Victor Mair at Language Log has posted about a new dictionary that ups the ante in the East Asian contest “to see who can produce a dictionary with the most entries”:
The Koreans at Dankook University have just pulled off the amazing feat of compiling a dictionary that has outstripped anything yet generated by the Japanese or the Chinese themselves. After 30 years of labor and investing more than 31,000,000,000 KRW (equal to more than 25 million USD), the South Koreans have just published the Chinese-Korean Unabridged Dictionary in 16 volumes. This humongous lexicon contains nearly half a million entries composed of 55,000 different characters.

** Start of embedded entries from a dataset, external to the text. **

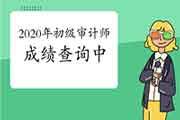 2020年初级审计师考试成绩查询中 2020年初级审计师考试成绩查询中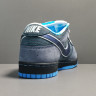 Concepts x NK SB Dunk Low 313170-342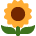 :sunflower:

Which is interesting in itself, but I’m linking to the entry for Victor’s discussion of why “there will never be an end to the compilation of ever larger single character dictionaries, since the Chinese writing system is essentially open-ended” and why it’s pointless to try to accumulate as many characters as possible: “most of the characters in these mega-dictionaries can only be attested as having occurred once in history, and that often in lexicons of obscure characters!” There’s a very interesting graph of “number of characters” versus “rate of coverage” that shows that 6,600 characters cover 99.999% of what’s found in actual text, which means a massive compilation like the Zhonghua zihai 中華字海, with over 85,500 different characters, is an exercise in overkill.